You have ten more days left for this financial year-end. Let me correct it further. You have only eight working days left for this financial year to end. By this time you must have already explored everything for the exemption of Rs. 1.5 lakhs under Section 80C of the 1961 Income Tax Act. The Public Provident Fund, National Savings Certificate, Equity Link Saving Schemes, Life Insurance, five-year bank fixed deposits and a host of other products qualify for income tax rebate under this section. But what about other lesser-known sections in which you can optimise more of your income tax savings?

Today let us learn about such lesser-known income tax deductions:

l   If you are a salaried employee, you get House Rent Allowance. Most of us know this. But what if you are a self-employed person and are paying rent for your accommodation? You can use Section 80GG and get a deduction on the rent you pay for your residence. It will be calculated at the lowest value from any of the three below:

*   Rs. 5000 per month.

*   25 per cent of your total income.

*   Actual rent paid, minus ten per cent of your annual income.

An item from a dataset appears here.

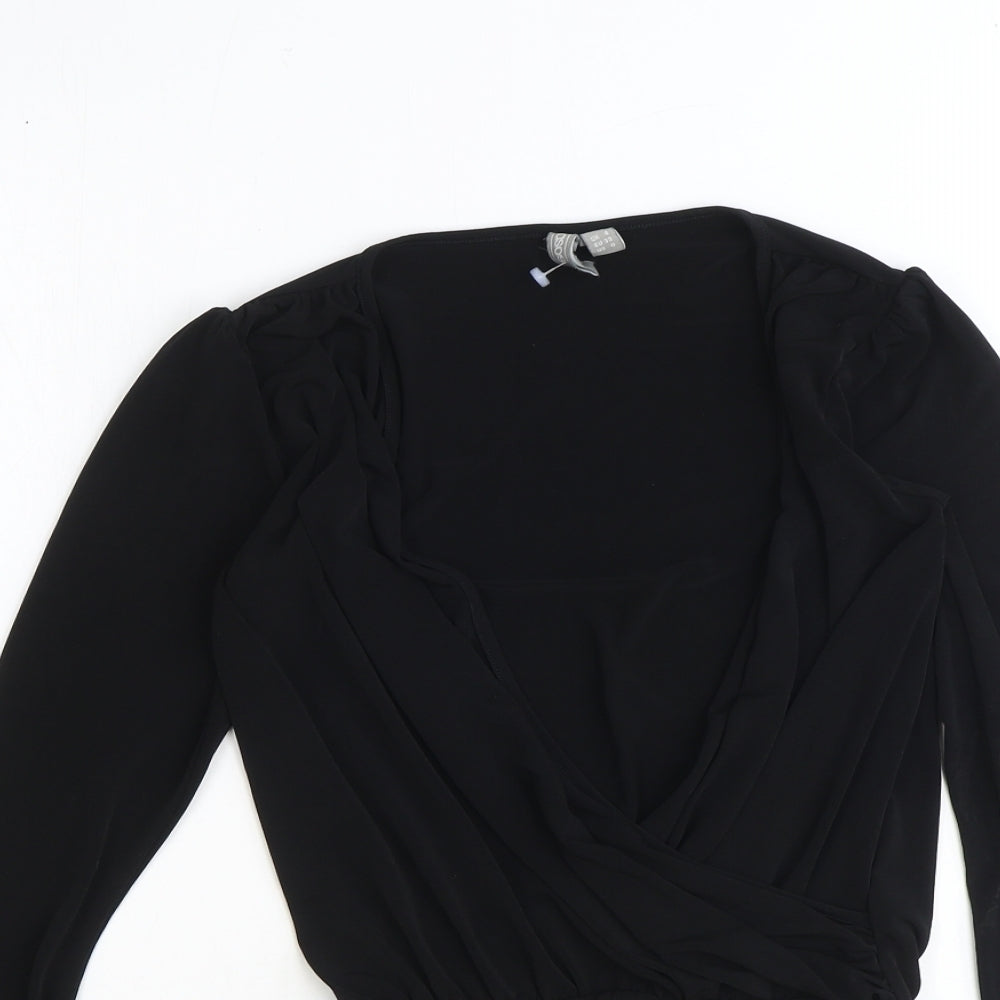 Womens UK Size 4 ASOS One-Piece Black Bodysuit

*   Another Section is 80E. In this section, you get a rebate on the interest payment of any student loan taken. If you have taken a student loan for yourself or for your spouse or children or even as a legal guardian, you are eligible for the rebate under this section. This rebate will start from the moment you start paying your EMIs and the maximum tenure the deduction is allowed is eight years.

*   I have been advocating health insurance for long. And after a disastrous 2020, no one can deny the importance of health insurance. But your health insurance also acts in saving as a tax deduction. Under Section 80D, your family health insurance premium, up to Rs. 25,000, enjoys a tax rebate. If you pay your parents' health insurance premium, you enjoy another separate deduction of up to Rs. 25,000. If your parents are above 60 years, this upper limit goes up to Rs. 50,000. And if you yourself are above 60 and are paying your parents’ health insurance premium, the limit goes all the way up to Rs. 1,00,000.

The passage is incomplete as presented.